The Honolulu-based shipping company agreed to pay $511 million for both of the Kanaloa Class vessels from General Dynamics NASSCO.
Matson has ordered two combination container and roll-on/roll-off ships from General Dynamics NASSCO for deployment on its services to Hawaii, the Honolulu-based shipping company said Thursday.
Under the agreement, Matson will pay the San Diego-based shipyard $511 million for both vessels, with deliveries scheduled for the end of 2019 and mid-year 2020.
Matson said the ships will be built on a 3,500-TEU “vessel platform,” which is 265 meters long, 34.9 meters wide (beam) and a deep draft of 11.5 meters. However, part of the container-carrying capacity will be taken up by an enclosed
garage space that will hold up to 800 vehicles, so the ship will actually carry 2,750 TEU.
Matson is calling these vessels the “Kanaloa Class” in honor of the ocean deity revered in the native Hawaiian culture and will name each of the new vessels after predecessor ships from its 134-year history. The first vessel will be named Lurline, the sixth Matson vessel to carry that name, while the second vessel will be its fifth one named the Matsonia.
The new vessels will have a fuel efficient hull design, double hull fuel tanks to help protect the environment, fresh water ballast systems and dual-fuel engines, meaning they will be able to operate at speeds up to 23 knots on either conventional fuel oils or liquefied natural gas (LNG). However, the ships would require some modification for LNG, including setting aside space for LNG tanks.
Matson said the two Kanaloa Class ships will replace three diesel powered vessels in active service, which will be moved to reserve status. With delivery of the Kanaloa Class ships, along with its two new 3,600-TEU Aloha Class ships currently being built at the Philadelphia Shipyard, Matson said it will have completed the renewal of its Hawaii fleet, allowing it to retire its seven older steamship vessels that would not be able to comply with environmental regulations in 2020 without substantial modification.

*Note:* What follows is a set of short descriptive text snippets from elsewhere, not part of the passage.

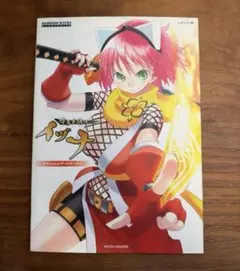 【初版】降魔霊符伝イヅナオフィシャルアートワークス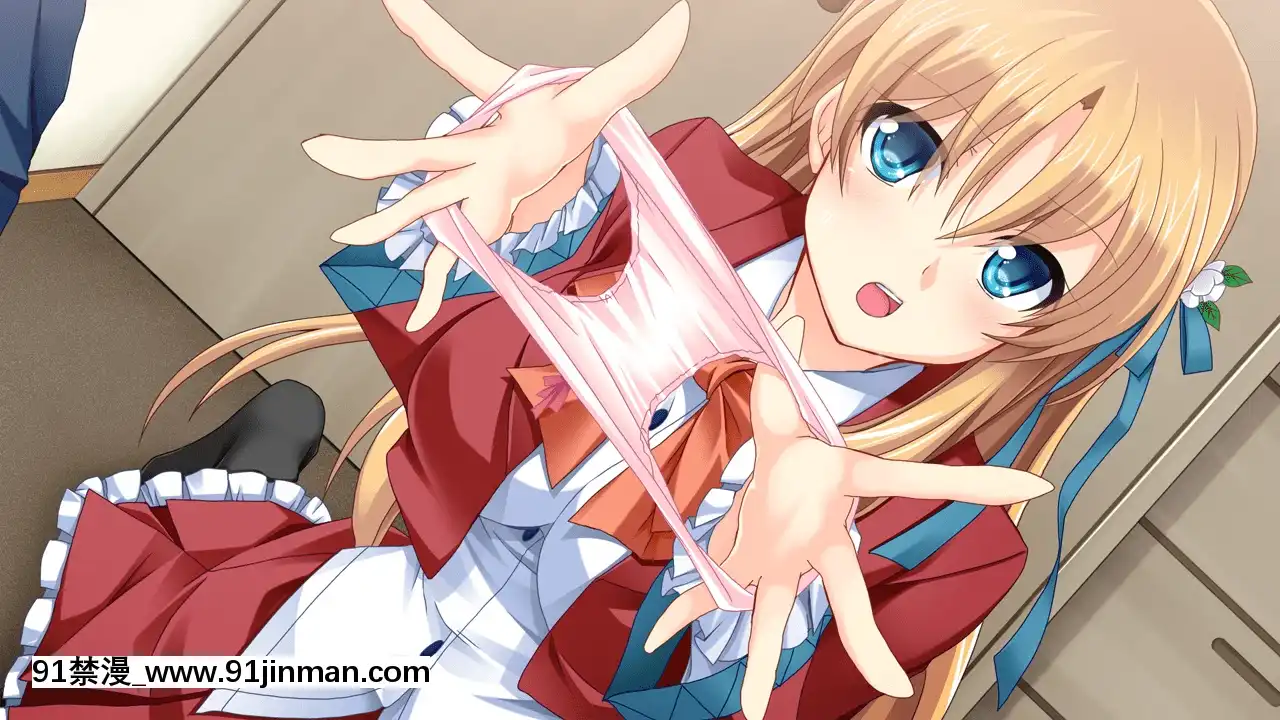 -[AtelierSakuraMountPosition]Sister(Sis)Config-SaiminjutsushiOnii-chantoNamaikiImouto-[morphe 18h]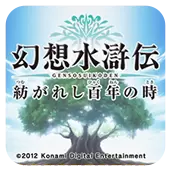幻想水浒传 百年交织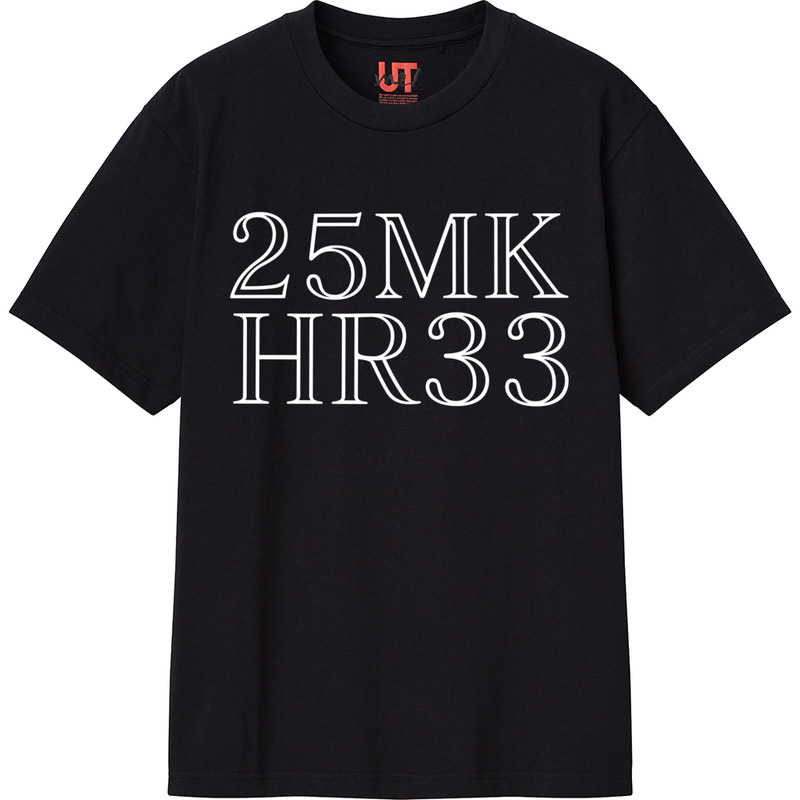 E0321b73 f92e 4e69 9b34 c324adbd2807 111 print ll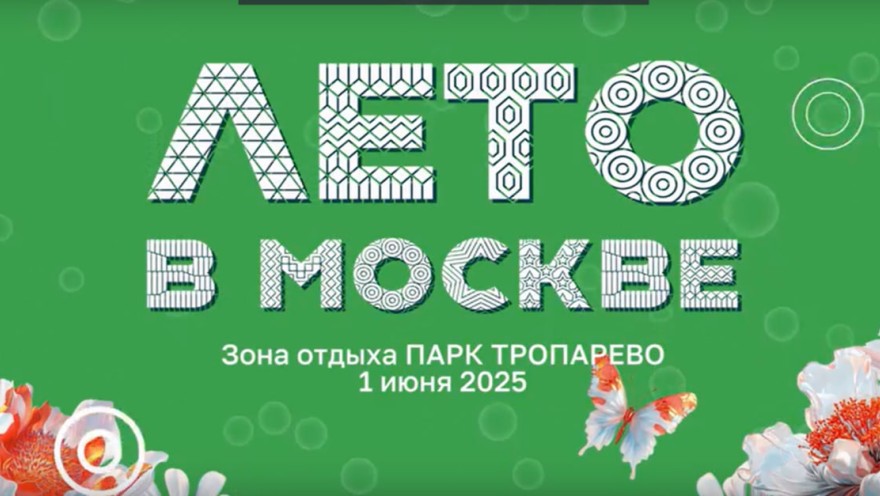 Лето в Москве в ЮЗАО продолжает свою работу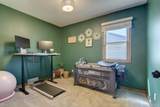1021 13th Street - Photo 21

In addition, Matson said the larger capacity of the Aloha Class and Kanaloa Class vessels will allow it to return to an optimal nine-ship fleet deployment in Hawaii, increasing efficiency and lowering operating costs.
Today Matson has 11 ships deployed in four strings of ships that call Hawaii: two ships operate between Long Beach and Hawaii, two between between Oakland and Hawaii, two between Seattle, Oakland and Hawaii, five that are in a rotation between Long Beach, Hawaii, Guam, and the Chinese ports of Xiamen, Ningbo and Shanghai.

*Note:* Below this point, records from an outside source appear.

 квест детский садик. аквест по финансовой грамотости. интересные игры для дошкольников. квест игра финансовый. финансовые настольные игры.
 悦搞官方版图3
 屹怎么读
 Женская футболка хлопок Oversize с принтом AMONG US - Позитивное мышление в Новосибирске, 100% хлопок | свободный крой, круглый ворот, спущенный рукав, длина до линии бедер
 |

The Kanaloa Class vessels are expected to be more fuel efficient than the ships they will replace and will add rolling stock carrying capacity while lowering operating, repair and maintenance, and dry-docking costs.
The company said “Upon delivery of the Aloha Class and the Kanaloa Class, the renewal of Matson’s Hawaii fleet will be complete and the Company expects to benefit from improved vessel reliability as the average age of the Hawaii fleet will have declined from 27 years old today to only 13 years old in 2020.”
Matson expects to finance the new vessels primarily through cash flows from operations, borrowing under the company’s unsecured revolving credit facility and additional debt financings, which could include U.S. government guaranteed Title XI vessel finance bonds.
“The two Kanaloa Class Con-Ro vessels have an average contract price of $255.5 million per vessel compared to the two Aloha Class containerships ordered in November 2013 which had an average contact price of $209.0 million per vessel,” said Matson, noting “The higher contract price for the Kanaloa Class vessels is primarily driven by the inclusion of a 9,650 sq. meter roll-on/roll-off garage structure and self-contained stern ramp with capacity to load up to 800 automobiles and other wheeled cargo. In addition, since November 2013 there are more stringent and costly environmental regulations that impact hull form and engine specification requirements, and lastly, there has been modest inflation in U.S. shipyard construction costs.”
Ships trading between the U.S. mainland and Hawaii, Alaska and Puerto Rico are subject to the requirements of the Jones Act must be built in the U.S. and therefore are much more expensive to build than ships that trade internationally. They are also required to be registered in the U.S., be owned by U.S. companies, and have U.S. citizen crews, which increases operating costs.
H.J. Tan, an executive consultant with Alphaliner said “The closest comparable ships are the ACL G4 conro ships, ordered in 2012 in China for about $90 million. The G4 ships are larger than the Matson ships, with a length of 296m and beam of 37.6m, with a capacity for 3800 teu and 1300 vehicles.”